To move on, I think, of all the deals that were done, the one that I found most troubling was around the weakening of apprehended violence orders—particularly to do with domestic violence. I always found this extraordinary when it came about in the state parliament. Again, Labor were in power at the time—this was in 2008. John Hatzistergos was the Labor Attorney-General at the time. He was in the New South Wales upper house, so we debated this issue a number of times. This is how The Sydney Morning Herald described it:

MEN who have previously been the subject of apprehended violence orders will be given the right to have the orders revoked so they can regain gun licences. The deal was cut by the Shooters Party with the Government and Opposition on the last parliamentary sitting day of the year.

That is a day when we know it is so hard to get proper scrutiny. They go on to state:

Under NSW law, anyone who was the subject of an apprehended violence order lost the right to a gun licence for 10 years.

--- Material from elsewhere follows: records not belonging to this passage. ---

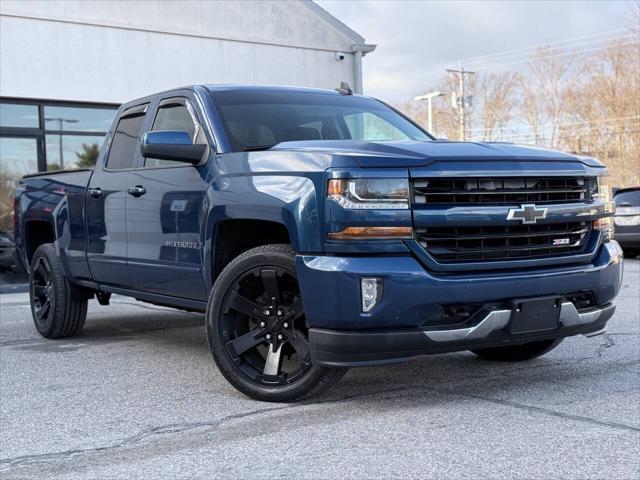 used 2017 Chevrolet Silverado 1500 car, priced at $26,456
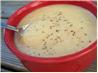 Cream of Leek Soup. Recipe by PinkCherryBlossom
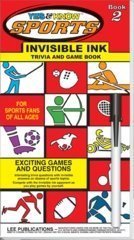 SPORTS YES & KNOW - Invisible Ink Book 2 (not in pricelist)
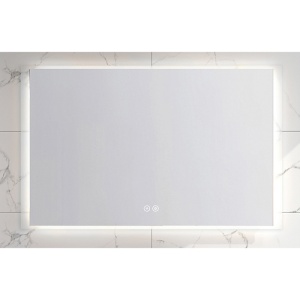 Oglinda Fluminia, Rodin 120, dreptunghiulara, cu LED, 3 culori, dezaburire, 120 cm - Img 5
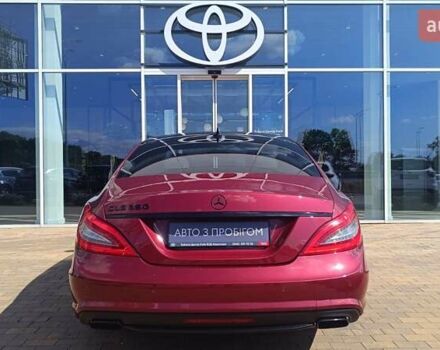 Мерседес ЦЛС-Класс 2012 в Киеве на Automoto.ua Красный Мерседес ЦЛС-Класс, объемом двигателя 3.5 л и пробегом 96 тыс. км за 20338 $, фото 3 на Automoto.ua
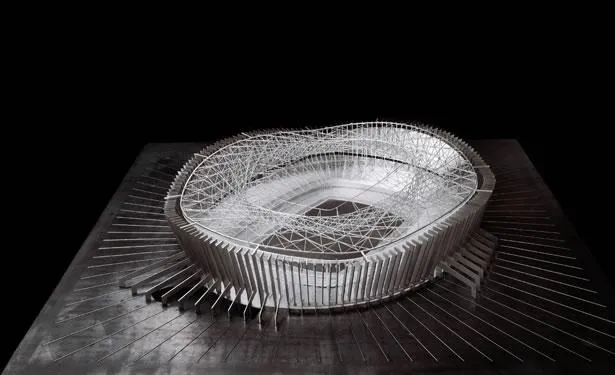 Estadi del Futbol Club Barcelona 5 Estadi del Futbol Club Barcelona. Arquitectura Santi Vives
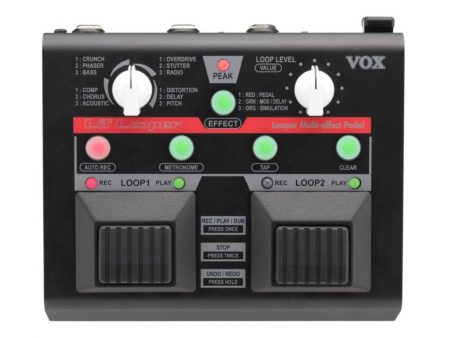 Pedal Multiefecto de repeticion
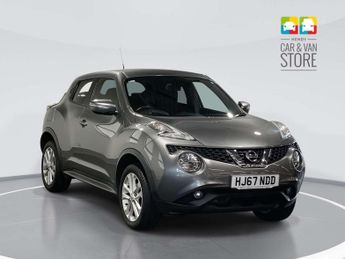 Nissan Juke 1.6 N-Connecta 5dr Xtronic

But under an amendment successfully moved by the Shooters MP Roy Smith to the Domestic Violence Act on Thursday, it will now be possible for those who have been subject of an apprehended violence order that has expired to have the order revoked.

That is absolutely shameful. Once again Labor, Liberal, Nationals and Shooters were voting together. At the same time you would see those people out there talking about their concerns about domestic violence, and there they were doing something as shameful as that. It was making it easier for men who are violent to get their guns back.

What we also see is that that debate with Attorney-General Hatzistergos was absolutely disgraceful. It was a very complicated set of amendments—it went to about three pages. Initially he provided no explanation of what the changes were, because they came in at the last minute. After much pressure from the Greens he offered a short explanation along with his usual characteristic rudeness, so it certainly was not a pleasant debate. This issue was revisited in 2011 when the shooters party introduced legislation to the New South Wales parliament that was aimed at allowing firearm owners who become subject to an apprehended violence order to keep their weapons until they received a letter in the post from the Police Commissioner revoking their licence. That overturned how things previously occurred. Again, The Sydney Morning Herald reported on this in some detail.

Because of the shortness of time, I will move on to some of the other examples. Electricity privatisation and hunting at national parks were two of the places where you saw the clearest deals from a government that was desperate to get its shocking legislation through. They were selling off our electricity system and, at the same time, doing a deal to allow shooters to go into national parks. By that time the coalition was in power in the New South Wales parliament, and it was in late May 2012 when the New South Wales government and the shooters party agreed on this deal. As I said, that was a really clear stitch-up because the electricity privatisation bill went through on 30 May 2012—the vote was passed 20 to 17. By then the Labor Party, as they often are, were a different beast in opposition. They found some decency on this issue and were starting to resist what the government was up to in these deals with the shooters and fishers, so I note that. So the electricity privatisation bill went through at the end of May, and the deal that was to be struck had already been on the record. In a media release on 30 May—the day the legislation was to go through—Mr O'Farrell had actually said:

… the agreement came after the Shooters and Fishers Party sought and received additional employment protection for power station workers.

That was the excuse he gave. But, on the same day, there was another media release where he talked about feral animal control in national parks and that they would allow shooting in 79 of the 799 national parks in New South Wales. That is one in 10 national parks that allowed shooters to shoot in them to supposedly hunt. At the end of May, the privatisation bill went through. Two weeks later the Game and Feral Animal Control Amendment Bill went through. Again, the vote was 20 to 17, with the upper house split along similar lines.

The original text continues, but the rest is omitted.